In the other semi-final a different sort of hero was created. Mascherano kicked, slid, tackled and battled the Dutch through to penalties. He was magnificent throughout and capped his night with a diving block on Arjen Robben which he should never have been able to make until he actually did. It highlighted the hidden side of the World Cup. For every Neymar, Messi, Robben and Moller there had to be a Gustavo, Mascherano, de Jong and Schweinsteiger. Against Costa Rica, Dutch manager Louis Van Gaal substituted his goalkeeper in the last minute and was proclaimed a tactical genius when Krul saved a couple. Presumably the headlines changed when he ran out of substitutions to let Argentina through on this occasion.

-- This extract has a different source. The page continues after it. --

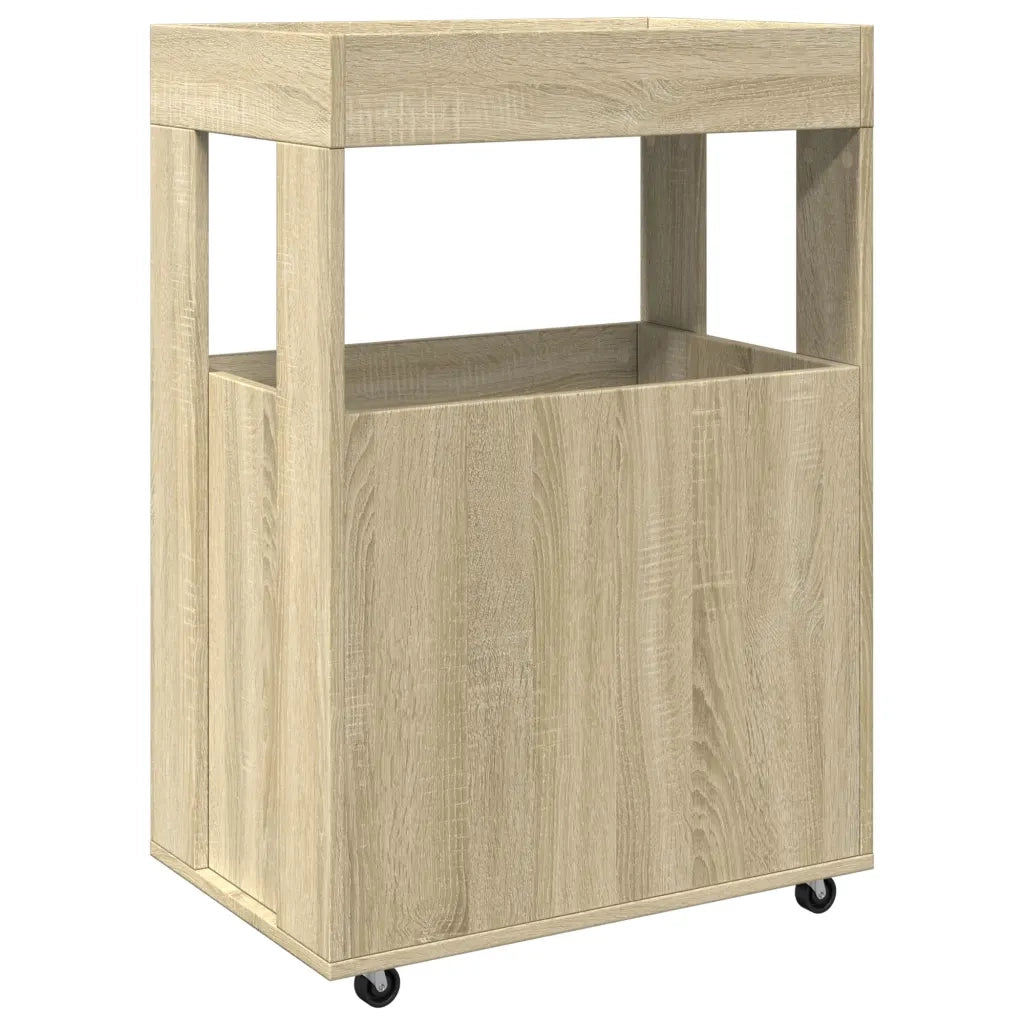 Carrello Bar Rovere Sonoma 60x39,5x89 cm in Legno Multistrato 848271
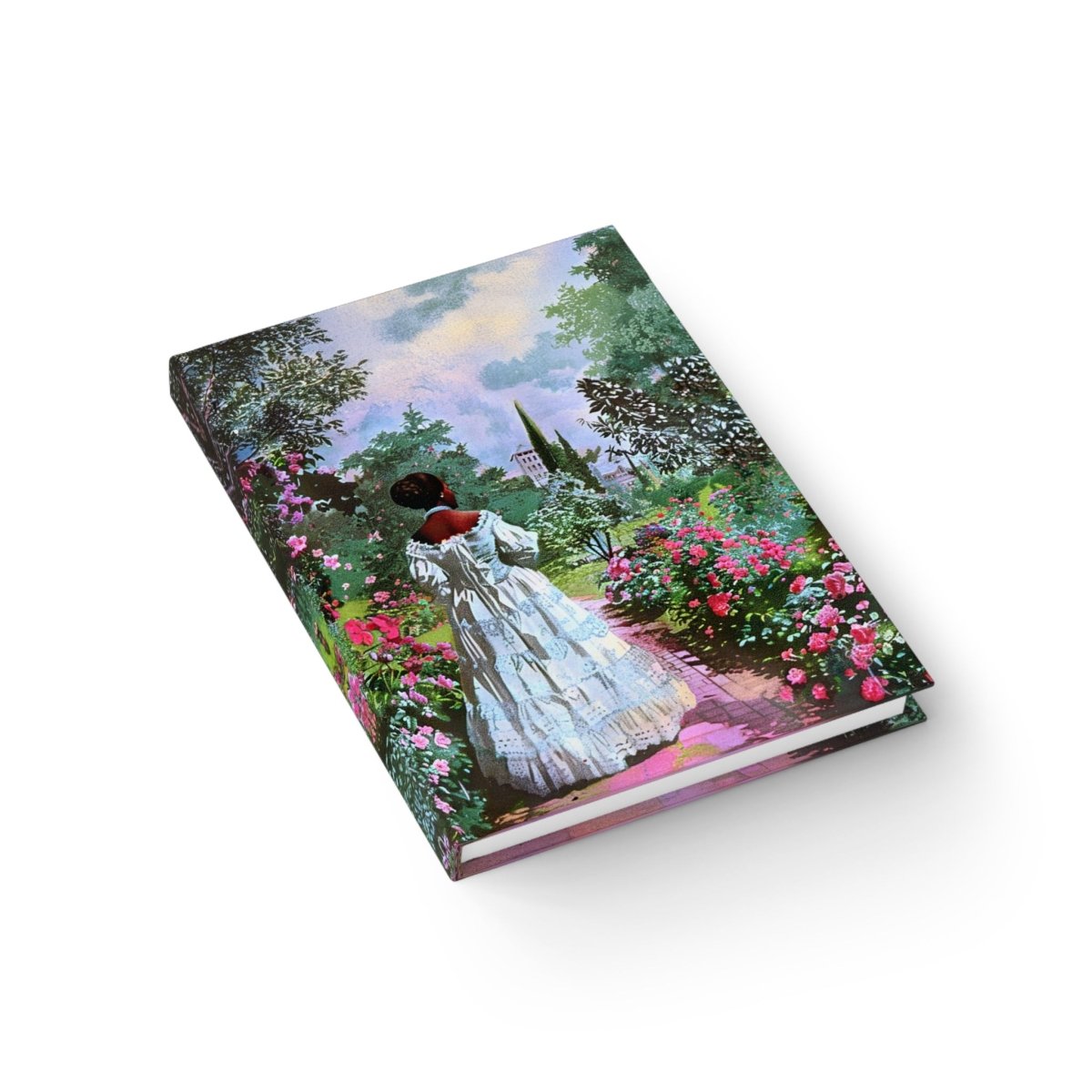 Retro Garden Walk Journal - Afrocentric Art by The Trini Gee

It all set up a final which befits the stage. The Brazilians all donned Germany shirts to try and ensure their great rival wouldn’t add another star above their badges while Argentina attempted a mass migration to restore the balance. The sight of the Christ the Redeemer floodlit and looking down benignly on the huge Maracana saucer was magnificent. It seemed to depict the little known eighth day when God created football. The match itself was as expected. A drubbing was never on the cards. There were chances for Higuain and Messi while the Germans slowly built up a head of steam. The Argentines gradually slowed down to a walking pace while Schweinsteiger and Lahm kept battling. The game went to extra time before the heavily-manicured tousle-haired and shiny Goetze took a cross on his chest and, without it hitting the floor, volleyed it past the keeper. It was a fitting way to finish a great tournament which highlighted that all the glamour, egos and money are best reserved for selling t-shirts. Hard work, practice and team spirit win World Cups. It was great to see Neuer win the Golden Gloves award – a man who hated conceding the single goal in the 7-1 semi final win. Good too for James Rodrigues from Colombia to win the top scorer award. Once the final whistle had blown though there were a couple of reminders of what is wrong with the game.
Firstly the sublime and modest Lionel Messi was non-plussed to be awarded the Golden Boot for player of the tournament. The technical panel in their wisdom, not swayed at all by commercial interests, decided that he was the best player on show.
Less surprisingly Sepp Blatter found a way of ridiculing the selection process for World Cup hosting. He criticised the tournament in Brazil for not doing enough on diversity and homophobia. Thanks to his selection process Russia and Qatar will right that wrong! You couldn’t make it up.